* WHAT TO DO
Print exactly the lines that run from the one containing "Three-Seater Velvet Dark" to the final line of the data, both included, and print none of the pictures.

* DATA SHOWN
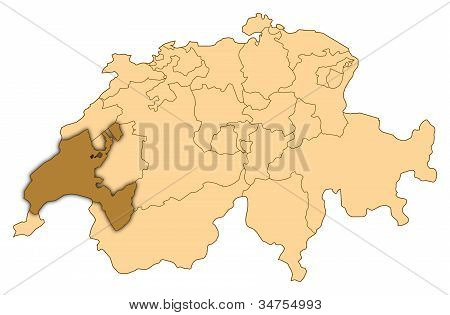 Mapa Szwajcaria, Vaud, wyróżnione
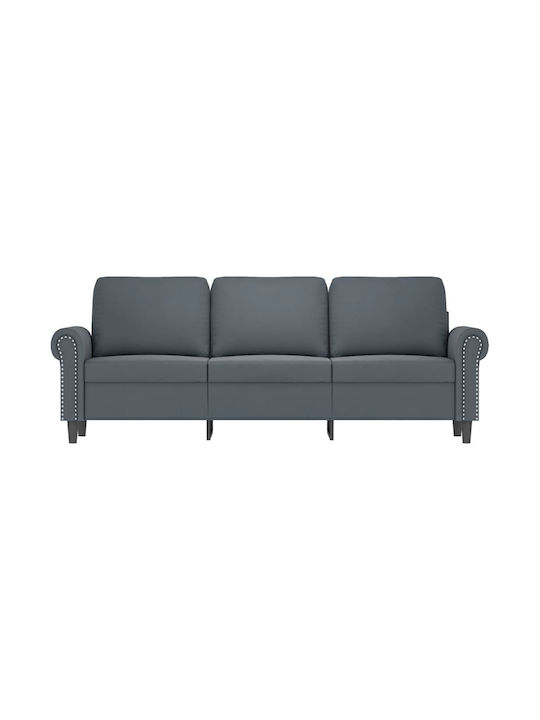 Three-Seater Velvet Dark Grey Couch 212x77x80 cm 359540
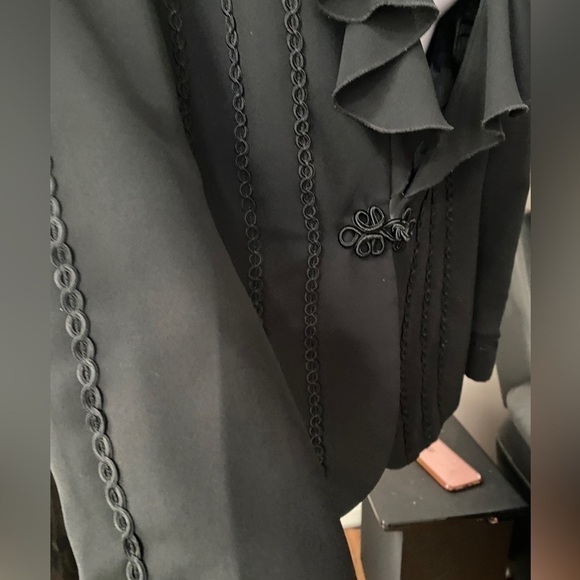 OSCAR de la Renta Black Braided Gothic Military Ruffle Front Jacket Sz US 12 - Picture 9 of 12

* RESPONSE FOR THIS EXERCISE
 Three-Seater Velvet Dark Grey Couch 212x77x80 cm 359540
 OSCAR de la Renta Black Braided Gothic Military Ruffle Front Jacket Sz US 12 - Picture 9 of 12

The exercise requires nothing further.